Rotating Calipers in 3d? or in 2d?
Hi gabyx! Thanks for your detailed reply :)
I think the algorithm I parallelized is exhaustive grid search you mentioned. Rotating Calipers in 2D is only used at computing 2D minimal area rectangle.
All of the three papers above is interesting. I will devour them and then come back to you. Thank you.
Hi, I made considerable improvements to the library, fixed some small bugs, conceptually not alot has changed, functions are still the same.
also I added unit tests. They should hopefully turn out to be correct. if they dont, then its numerically inaccuracy: visualizing the tests if the fail is always the first thing to do =)
regards
The library has now some openmp support, one place where openmp is commented out yet still makes some problems (more investigations needed), but so far its a huge improvement for speed.
Curious under what circumstances you got the huge speed improvement in the openmp parallelization (around the grid search). Unfortunately my testing is done in MSVC and WSL (not native linux), so I may be missing some of the benefits (side note: I had to re-write the parallelization for MSVC because it is stuck on openmp 2.0 and doesn't support user-defined reductions... I can make a PR for it if you want us poor souls that have to use MSVC)
Grid search: 5 Point Samples: 10000
MSVC Single threaded: ~20000 msec MSVC Openmp (critical section version): ~2000 msec
WSL Single threaded: ~9000 msec WSL Openmp (reduction version): ~19000 msec WSL Openmp (critical section version that I used on MSVC): ~21000 msec
Strange Benchmark: Did you use full optimization and release? A PR is welcome :-) I prefere to have some sort of switch depending on the OpenMP version (is there a macro?)

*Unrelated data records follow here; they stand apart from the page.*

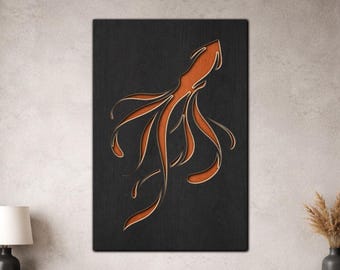 Multilayer Squid SVG PDF DXF – 3 Layer Fishes Design for Laser Cutting | Wooden Fish Wall Art | Layered Wood Design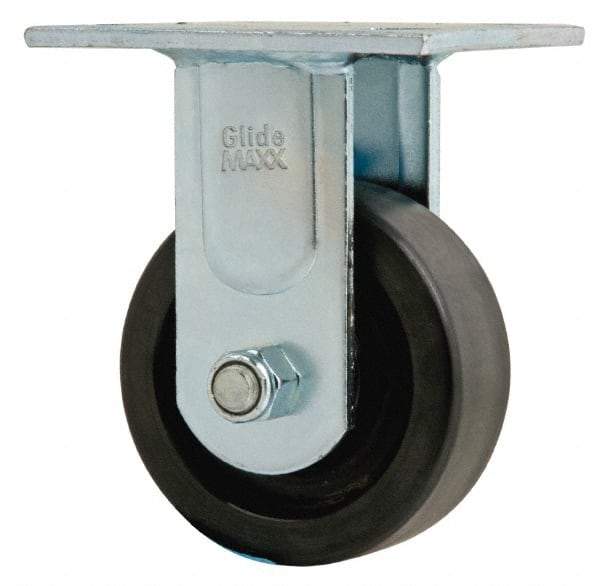 Value Collection - 4" Diam x 1-1/2" Wide x 5-5/8" OAH Top Plate Mount Rigid Caster - Phenolic, 600 Lb Capacity, Roller Bearing, 4 x 4-1/2" Plate - USA Tool & Supply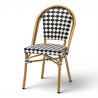 chaise de terrasse parisienne blanc noir structure alu rotin empilable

For WSL it was -03 -DNDEBUG (for MSVC it is /O2 /Ob2 /D "NDEBUG").
Code being timed is below where the input cloud has 100,000 points (generated randomly from a uniform distribution in the range of -100.0 to 100.0).
ApproxMVBB::OOBB approx_obb = ApproxMVBB::approximateMVBB(cloud.pts(),
0.001, /*epsilon*/
10000, /*point samples*/
5, /*grid size*/
0, /*diameter optizmiation loops*/
5 /*grid search optimization loops*/
);
approx_obb.expandToMinExtentRelative(0.1);
... = approx_obb.m_q_KI.matrix();
... = approx_obb.m_minPoint;
... = approx_obb.m_maxPoint;
I'm not aware of any OpenMP MACRO that can be used... I just check if WIN32 and use the OpenMP 2.0 style critical section.
I will push the PR... but by supporting OpenMP 2.0 it makes the code much uglier compared to user-defined reductions :)
see #38
Could you test this?
Strange is, that its so slow with OpenMp 4 in WSL? its twice as slow lol
Honestly I never did a relevant profiling... Needs further investigation. Maybe profile the code ?